(Activity):
For the material below, set down exactly the lines between the one containing "Eichhörnchen frisst Nut im Schnee №19465" and the last line, both included, leaving every picture out.
··········
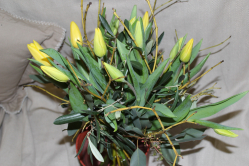Tulpenstrauss mit Strong gold Tulpen (ausgeleifert in Worb am 8. Februar 2016)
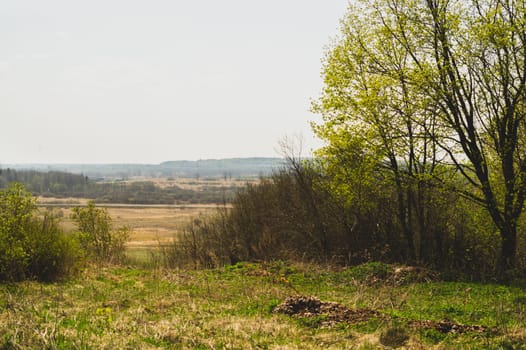 Nature panoramic landscape view from high. field with plants and trees nature background. view into the distance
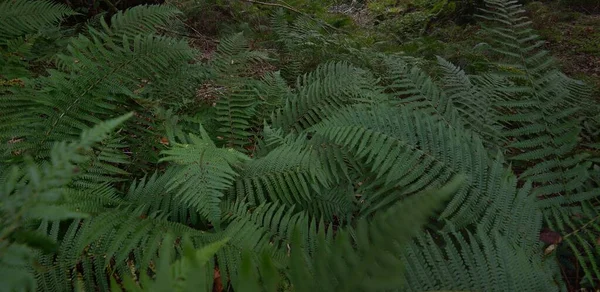 Vista Deslumbrante Floresta Tropical Escocesa Árvores Poderosas Musgo Plantas Samambaia — Fotografia de Stock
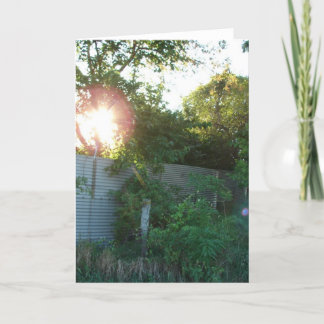 Abandoned Grain Bins Card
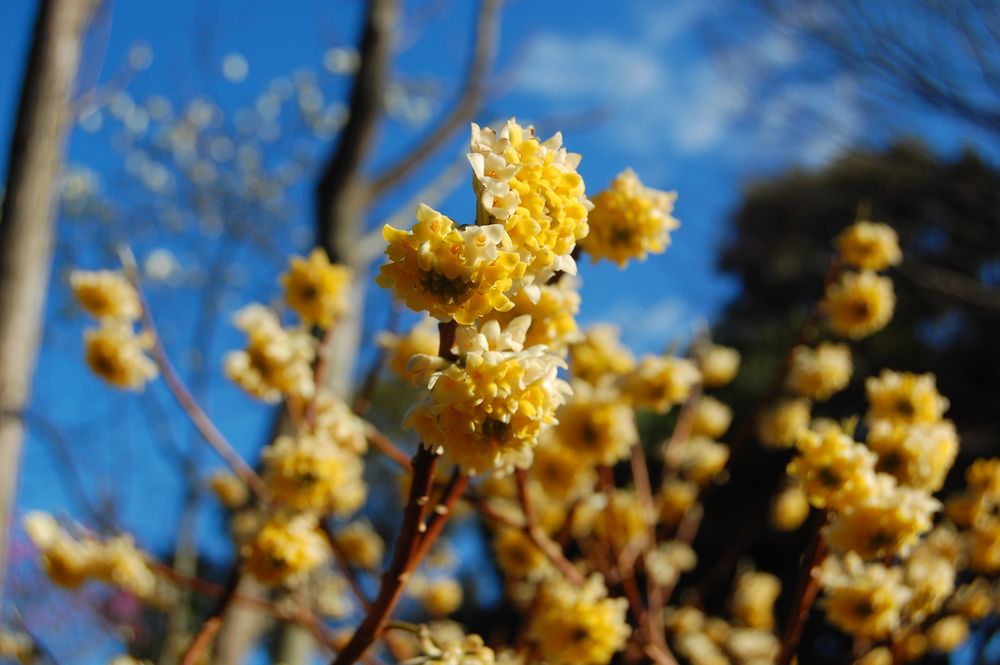 c0113508_11482060.jpg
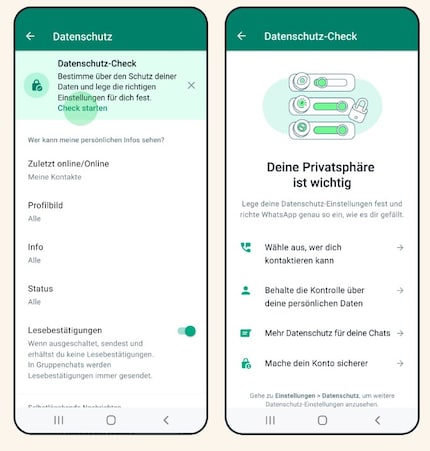  Ecco come appare il controllo della privacy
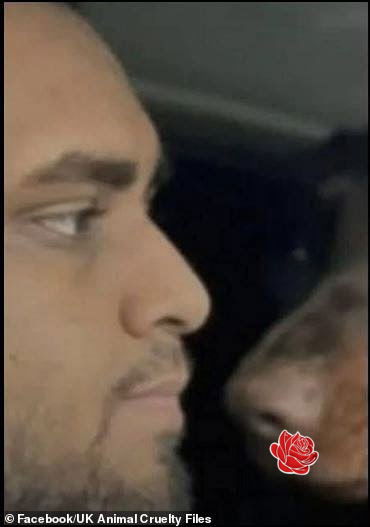 Oaveed Rahman  – profile image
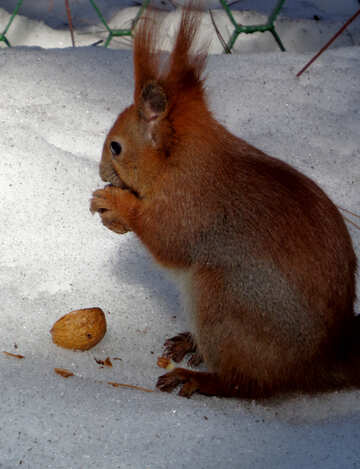 Eichhörnchen frisst Nut im Schnee №19465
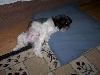 this is the life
··········
(Written solution):
 Eichhörnchen frisst Nut im Schnee №19465
 this is the life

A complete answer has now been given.